▶ [TASK DETAILS] For the listing below, output exactly the lines from the line with "Telok padan kecil" up to and including the line with "Colourful flower bokeh", and no other lines.

▶ [MATERIALS PROVIDED]

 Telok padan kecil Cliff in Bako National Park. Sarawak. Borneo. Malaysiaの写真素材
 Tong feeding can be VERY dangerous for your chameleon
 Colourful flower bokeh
---
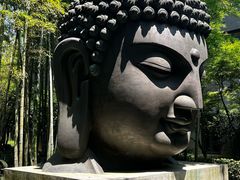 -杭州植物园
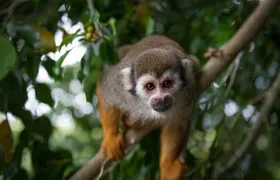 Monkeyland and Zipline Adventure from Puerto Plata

▶ [EXERCISE ANSWER]
 Telok padan kecil Cliff in Bako National Park. Sarawak. Borneo. Malaysiaの写真素材
 Tong feeding can be VERY dangerous for your chameleon
 Colourful flower bokeh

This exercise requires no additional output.